Copy out again, unchanged, the listing below from the line that has "Die Rettung von" through the line that has "Black and White Shoreline".

=== Data for this exercise ===

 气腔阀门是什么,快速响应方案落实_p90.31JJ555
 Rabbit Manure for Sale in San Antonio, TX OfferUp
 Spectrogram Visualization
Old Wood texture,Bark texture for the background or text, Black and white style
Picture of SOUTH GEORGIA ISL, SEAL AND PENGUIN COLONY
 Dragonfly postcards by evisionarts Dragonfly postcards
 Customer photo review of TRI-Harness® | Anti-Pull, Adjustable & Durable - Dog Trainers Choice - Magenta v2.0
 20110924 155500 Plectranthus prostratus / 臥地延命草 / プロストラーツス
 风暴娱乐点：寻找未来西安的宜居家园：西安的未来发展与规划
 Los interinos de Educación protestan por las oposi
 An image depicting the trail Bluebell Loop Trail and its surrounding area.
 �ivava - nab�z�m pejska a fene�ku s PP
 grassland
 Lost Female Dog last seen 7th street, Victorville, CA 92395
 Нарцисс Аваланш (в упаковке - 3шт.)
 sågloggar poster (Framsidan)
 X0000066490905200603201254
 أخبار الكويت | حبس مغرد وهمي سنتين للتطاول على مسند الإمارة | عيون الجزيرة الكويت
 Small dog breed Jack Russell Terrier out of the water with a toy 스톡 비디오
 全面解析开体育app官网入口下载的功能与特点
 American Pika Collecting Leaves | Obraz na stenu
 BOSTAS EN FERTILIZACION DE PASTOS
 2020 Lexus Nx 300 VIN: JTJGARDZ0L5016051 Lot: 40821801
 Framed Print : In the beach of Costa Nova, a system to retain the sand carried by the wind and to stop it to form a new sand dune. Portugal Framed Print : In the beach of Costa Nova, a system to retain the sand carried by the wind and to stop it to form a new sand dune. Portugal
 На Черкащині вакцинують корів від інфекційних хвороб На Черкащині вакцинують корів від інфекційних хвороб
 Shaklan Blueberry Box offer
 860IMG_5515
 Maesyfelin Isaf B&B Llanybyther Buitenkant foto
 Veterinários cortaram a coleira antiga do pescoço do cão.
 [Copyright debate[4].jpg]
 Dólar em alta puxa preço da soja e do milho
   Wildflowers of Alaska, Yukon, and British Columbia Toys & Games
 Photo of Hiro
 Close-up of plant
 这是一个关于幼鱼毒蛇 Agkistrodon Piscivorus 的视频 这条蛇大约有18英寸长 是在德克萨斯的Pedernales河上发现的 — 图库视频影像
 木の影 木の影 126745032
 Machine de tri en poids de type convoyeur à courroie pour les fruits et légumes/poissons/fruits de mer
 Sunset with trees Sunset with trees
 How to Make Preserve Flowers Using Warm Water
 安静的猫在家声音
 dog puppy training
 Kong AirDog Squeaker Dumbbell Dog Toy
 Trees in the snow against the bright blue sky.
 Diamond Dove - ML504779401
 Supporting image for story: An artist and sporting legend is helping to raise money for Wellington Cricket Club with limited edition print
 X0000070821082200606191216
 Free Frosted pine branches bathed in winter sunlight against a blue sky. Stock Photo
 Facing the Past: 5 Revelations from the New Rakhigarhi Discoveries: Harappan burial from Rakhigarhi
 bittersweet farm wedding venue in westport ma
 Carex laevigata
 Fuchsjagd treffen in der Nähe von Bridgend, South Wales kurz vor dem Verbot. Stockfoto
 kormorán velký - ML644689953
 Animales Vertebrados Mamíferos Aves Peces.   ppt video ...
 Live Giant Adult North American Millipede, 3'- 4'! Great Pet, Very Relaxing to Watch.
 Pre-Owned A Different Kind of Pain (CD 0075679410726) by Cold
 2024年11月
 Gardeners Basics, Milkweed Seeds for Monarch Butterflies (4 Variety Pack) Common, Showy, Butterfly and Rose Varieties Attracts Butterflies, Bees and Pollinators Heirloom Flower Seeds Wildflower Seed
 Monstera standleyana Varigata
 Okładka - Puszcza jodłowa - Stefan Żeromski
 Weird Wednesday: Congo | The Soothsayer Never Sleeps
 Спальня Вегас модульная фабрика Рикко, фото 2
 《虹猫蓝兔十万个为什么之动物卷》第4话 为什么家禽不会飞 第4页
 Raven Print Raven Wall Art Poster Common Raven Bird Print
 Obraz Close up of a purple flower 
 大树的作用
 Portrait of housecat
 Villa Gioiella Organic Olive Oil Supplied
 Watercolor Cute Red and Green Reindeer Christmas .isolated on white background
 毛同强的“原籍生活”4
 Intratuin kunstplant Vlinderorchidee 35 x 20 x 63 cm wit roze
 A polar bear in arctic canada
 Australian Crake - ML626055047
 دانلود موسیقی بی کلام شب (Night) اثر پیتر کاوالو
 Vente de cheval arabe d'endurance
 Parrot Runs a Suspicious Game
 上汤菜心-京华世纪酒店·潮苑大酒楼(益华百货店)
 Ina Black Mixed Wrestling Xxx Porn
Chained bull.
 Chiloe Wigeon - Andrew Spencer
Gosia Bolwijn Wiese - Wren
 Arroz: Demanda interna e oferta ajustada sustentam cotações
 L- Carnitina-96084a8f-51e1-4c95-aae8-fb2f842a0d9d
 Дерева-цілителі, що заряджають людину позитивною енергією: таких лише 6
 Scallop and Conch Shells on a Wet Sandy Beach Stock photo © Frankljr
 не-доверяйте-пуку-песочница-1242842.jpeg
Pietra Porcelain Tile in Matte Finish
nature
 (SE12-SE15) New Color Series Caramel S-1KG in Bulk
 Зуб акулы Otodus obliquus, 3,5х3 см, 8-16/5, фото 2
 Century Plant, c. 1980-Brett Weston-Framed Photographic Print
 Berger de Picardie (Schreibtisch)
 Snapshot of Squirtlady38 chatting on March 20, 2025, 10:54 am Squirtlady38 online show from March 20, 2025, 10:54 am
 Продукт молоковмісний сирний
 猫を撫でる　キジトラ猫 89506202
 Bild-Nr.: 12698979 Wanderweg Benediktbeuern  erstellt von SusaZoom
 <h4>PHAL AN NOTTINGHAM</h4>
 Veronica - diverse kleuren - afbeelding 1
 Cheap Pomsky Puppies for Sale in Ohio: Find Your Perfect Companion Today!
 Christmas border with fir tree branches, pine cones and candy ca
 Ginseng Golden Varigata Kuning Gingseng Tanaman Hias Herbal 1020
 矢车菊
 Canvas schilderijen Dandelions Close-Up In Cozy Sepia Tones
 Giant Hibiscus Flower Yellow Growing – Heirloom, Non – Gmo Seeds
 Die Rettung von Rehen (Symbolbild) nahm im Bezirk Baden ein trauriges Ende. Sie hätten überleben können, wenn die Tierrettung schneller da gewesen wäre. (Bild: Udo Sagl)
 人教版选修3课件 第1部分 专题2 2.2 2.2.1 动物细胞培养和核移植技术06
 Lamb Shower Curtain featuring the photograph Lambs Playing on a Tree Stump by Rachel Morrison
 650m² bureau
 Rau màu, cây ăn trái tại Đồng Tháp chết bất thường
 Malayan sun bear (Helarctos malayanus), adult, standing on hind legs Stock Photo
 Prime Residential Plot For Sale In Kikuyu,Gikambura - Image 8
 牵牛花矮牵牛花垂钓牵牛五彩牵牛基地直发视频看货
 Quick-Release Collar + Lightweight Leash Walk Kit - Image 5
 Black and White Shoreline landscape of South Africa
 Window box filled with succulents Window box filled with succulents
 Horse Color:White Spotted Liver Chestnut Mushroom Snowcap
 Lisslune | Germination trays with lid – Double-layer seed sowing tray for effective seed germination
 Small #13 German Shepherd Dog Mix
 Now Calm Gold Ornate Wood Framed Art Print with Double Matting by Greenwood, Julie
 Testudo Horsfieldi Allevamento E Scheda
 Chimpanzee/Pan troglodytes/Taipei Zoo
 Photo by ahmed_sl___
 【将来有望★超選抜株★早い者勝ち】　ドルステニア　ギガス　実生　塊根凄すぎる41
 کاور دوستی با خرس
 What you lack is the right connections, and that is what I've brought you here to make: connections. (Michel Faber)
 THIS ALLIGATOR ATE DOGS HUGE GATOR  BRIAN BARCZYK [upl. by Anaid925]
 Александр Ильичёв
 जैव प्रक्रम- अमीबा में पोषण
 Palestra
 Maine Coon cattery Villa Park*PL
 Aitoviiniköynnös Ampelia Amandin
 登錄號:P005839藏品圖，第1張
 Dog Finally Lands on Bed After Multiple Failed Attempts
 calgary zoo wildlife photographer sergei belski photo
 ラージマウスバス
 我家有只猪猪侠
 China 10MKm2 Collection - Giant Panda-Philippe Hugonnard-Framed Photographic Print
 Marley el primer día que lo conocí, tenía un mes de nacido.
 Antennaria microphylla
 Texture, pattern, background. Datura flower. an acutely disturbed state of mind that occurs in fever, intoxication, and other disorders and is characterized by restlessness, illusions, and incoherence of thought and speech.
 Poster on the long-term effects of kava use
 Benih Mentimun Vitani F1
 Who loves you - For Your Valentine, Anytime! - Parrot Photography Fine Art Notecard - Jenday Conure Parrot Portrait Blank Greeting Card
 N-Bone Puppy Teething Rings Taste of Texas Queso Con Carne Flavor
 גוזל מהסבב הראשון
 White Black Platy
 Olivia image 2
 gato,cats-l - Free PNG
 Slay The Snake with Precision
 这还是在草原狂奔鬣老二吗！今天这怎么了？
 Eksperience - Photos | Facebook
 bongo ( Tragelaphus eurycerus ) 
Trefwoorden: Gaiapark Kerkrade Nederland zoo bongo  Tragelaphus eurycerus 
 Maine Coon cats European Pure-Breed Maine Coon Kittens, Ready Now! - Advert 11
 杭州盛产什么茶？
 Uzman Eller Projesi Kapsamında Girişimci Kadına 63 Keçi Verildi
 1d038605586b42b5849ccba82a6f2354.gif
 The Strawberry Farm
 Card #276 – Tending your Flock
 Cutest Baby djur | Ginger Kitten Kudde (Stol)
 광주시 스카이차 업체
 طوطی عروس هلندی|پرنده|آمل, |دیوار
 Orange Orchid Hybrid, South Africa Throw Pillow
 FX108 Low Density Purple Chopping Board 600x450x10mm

===

> [Solution for this task]
 Die Rettung von Rehen (Symbolbild) nahm im Bezirk Baden ein trauriges Ende. Sie hätten überleben können, wenn die Tierrettung schneller da gewesen wäre. (Bild: Udo Sagl)
 人教版选修3课件 第1部分 专题2 2.2 2.2.1 动物细胞培养和核移植技术06
 Lamb Shower Curtain featuring the photograph Lambs Playing on a Tree Stump by Rachel Morrison
 650m² bureau
 Rau màu, cây ăn trái tại Đồng Tháp chết bất thường
 Malayan sun bear (Helarctos malayanus), adult, standing on hind legs Stock Photo
 Prime Residential Plot For Sale In Kikuyu,Gikambura - Image 8
 牵牛花矮牵牛花垂钓牵牛五彩牵牛基地直发视频看货
 Quick-Release Collar + Lightweight Leash Walk Kit - Image 5
 Black and White Shoreline landscape of South Africa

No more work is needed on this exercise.